_What you are asked to do:_
Write out every entry precisely as given, leaving the pictures out.

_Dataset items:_
──────────────────────────────

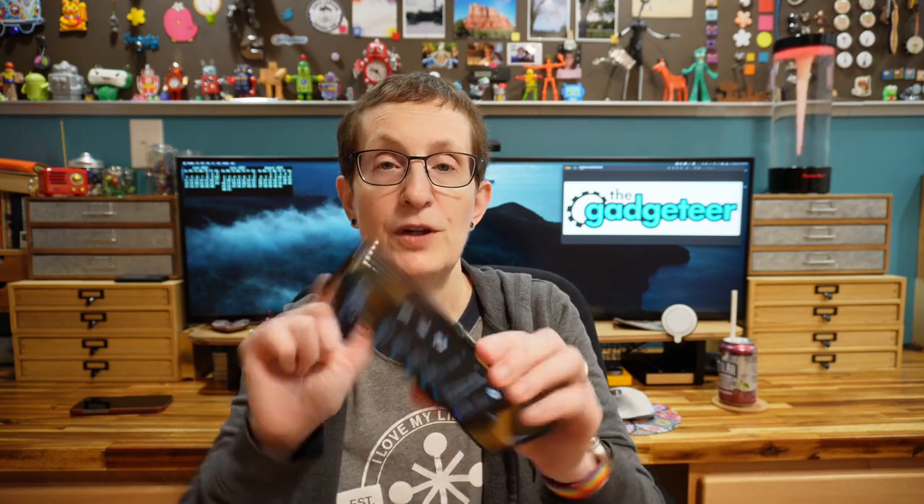On the good side, I've noticed some good things. The fingerprint sensor is on the side on the power button, and it actually works for me — which is very unusual because I have a lot of problems with fingerprint sensors. Not so with the Motorola Flip. It works every single time, quick and fast. Thumbs up for that.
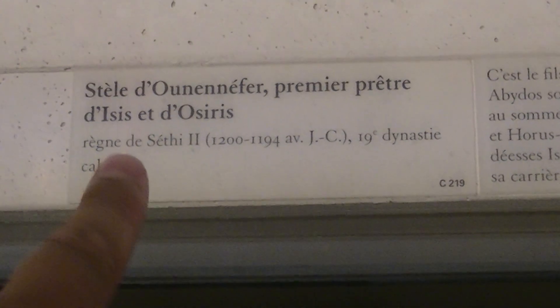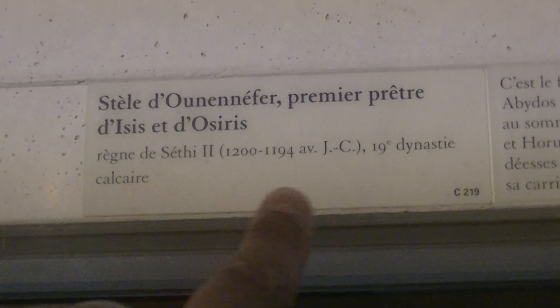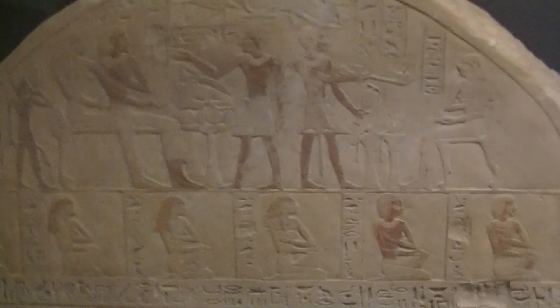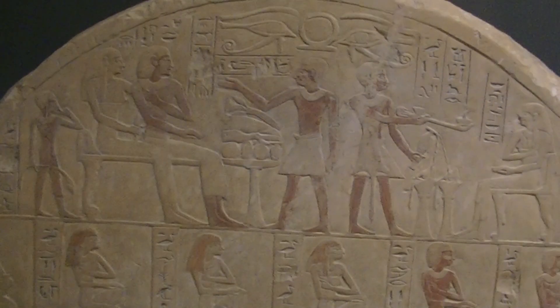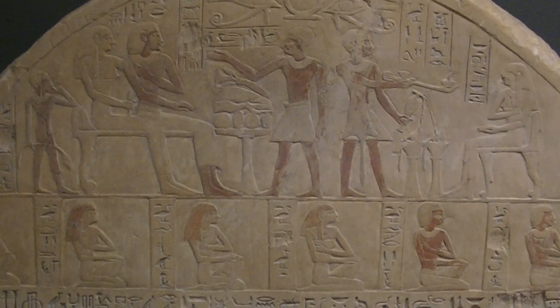Reign of Seti the Second, between 1200 and 1100 BCE, 19th dynasty, limestone — reference C 19. And that one is the first one I showed, the Hymn of Imenmes.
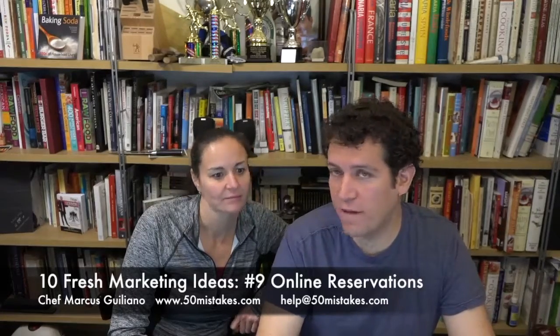Online reservation tools provide new and existing customers with a fast and easy way to book new reservations, change reservations, and share their experiences. OpenTable is just one example — there are many other platforms out there.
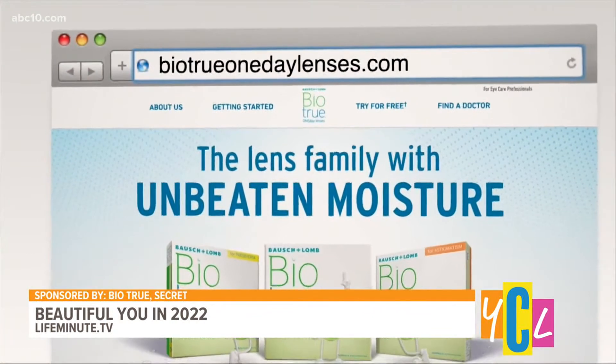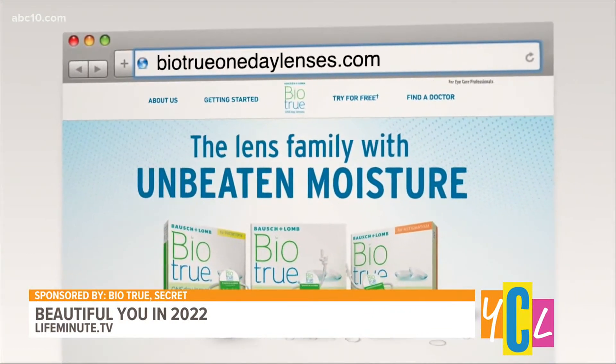I also love that they're disposable, so you don't have to worry about cleaning and storing them. You get a nice fresh pair of lenses every morning. Contacts are great for sports, and others like that they can be a great alternative to glasses that fog up with a face mask. So ask your doctor if your child's a good candidate for contact lenses. You can learn more about these online at BiotrueOneDayLenses.com.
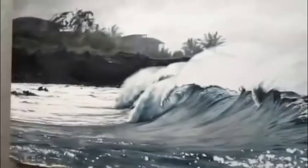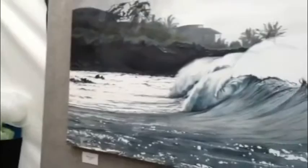This is my piece, Waimea Mystic, titled a little bit ironically, but I want to tell you a little bit about it. It's oil on canvas, and it's taken from the North Shore of Hawaii — a picture I took on a very, very large day.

──────────────────────────────

_Output of the task:_
On the good side, I've noticed some good things. The fingerprint sensor is on the side on the power button, and it actually works for me — which is very unusual because I have a lot of problems with fingerprint sensors. Not so with the Motorola Flip. It works every single time, quick and fast. Thumbs up for that.
Reign of Seti the Second, between 1200 and 1100 BCE, 19th dynasty, limestone — reference C 19. And that one is the first one I showed, the Hymn of Imenmes.
Online reservation tools provide new and existing customers with a fast and easy way to book new reservations, change reservations, and share their experiences. OpenTable is just one example — there are many other platforms out there.
I also love that they're disposable, so you don't have to worry about cleaning and storing them. You get a nice fresh pair of lenses every morning. Contacts are great for sports, and others like that they can be a great alternative to glasses that fog up with a face mask. So ask your doctor if your child's a good candidate for contact lenses. You can learn more about these online at BiotrueOneDayLenses.com.
This is my piece, Waimea Mystic, titled a little bit ironically, but I want to tell you a little bit about it. It's oil on canvas, and it's taken from the North Shore of Hawaii — a picture I took on a very, very large day.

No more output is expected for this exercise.